Aim of the task: Could you reproduce, exactly as written, every line from the one containing "incluir un marco" through the last line of the records, and nothing else?

START Available data

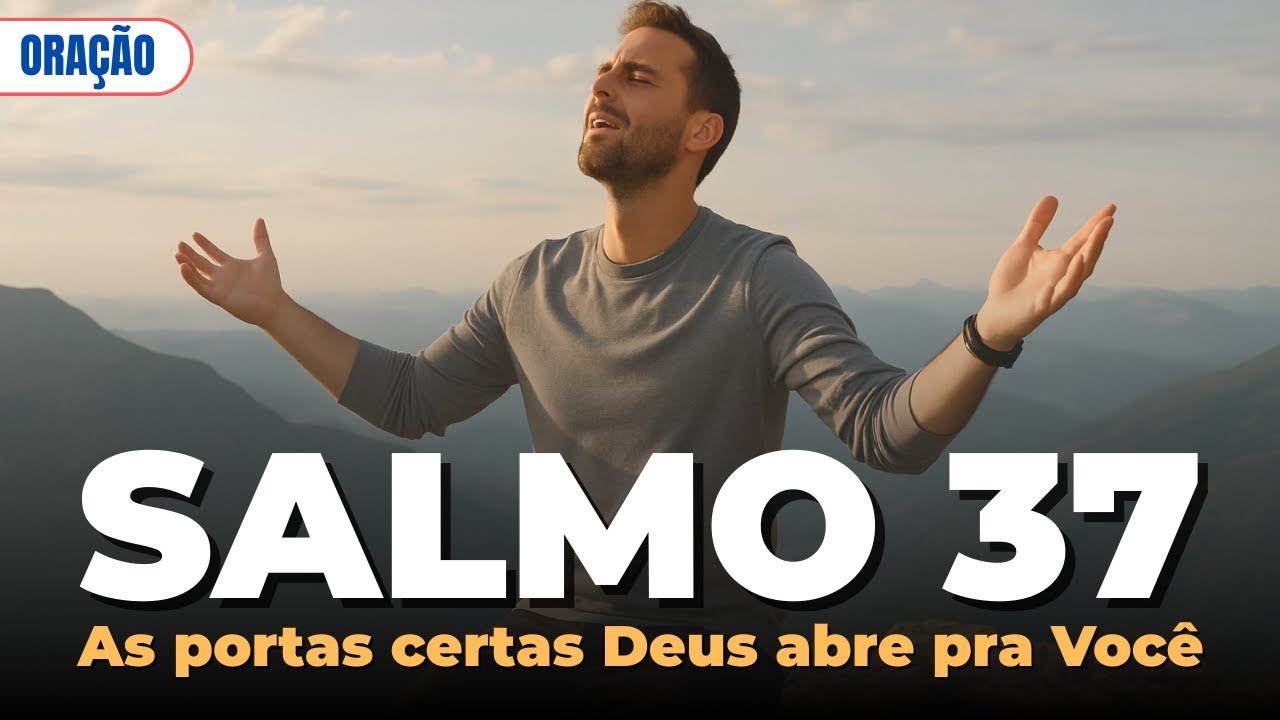 Salmo 37: Deus Vai Abrir Portas na Sua Vida Financeira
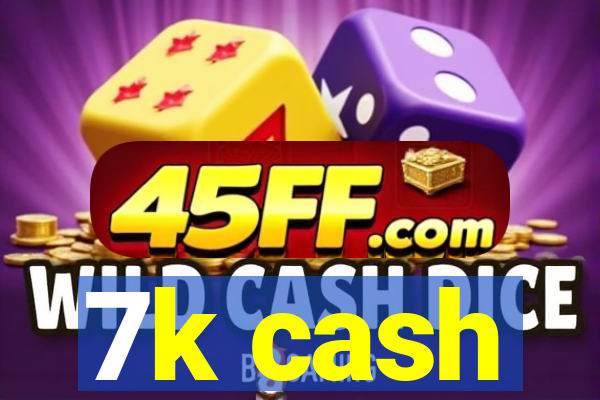 7k cash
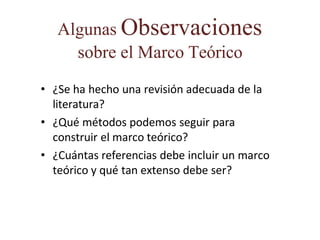 Algunas Observaciones
sobre el Marco Teórico
• ¿Se ha hecho una revisión adecuada de la
literatura?
• ¿Qué métodos podemos seguir para
construir el marco teórico?
• ¿Cuántas referencias debe incluir un marco
teórico y qué tan extenso debe ser?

END Available data

Exercise result:
• ¿Cuántas referencias debe incluir un marco
teórico y qué tan extenso debe ser?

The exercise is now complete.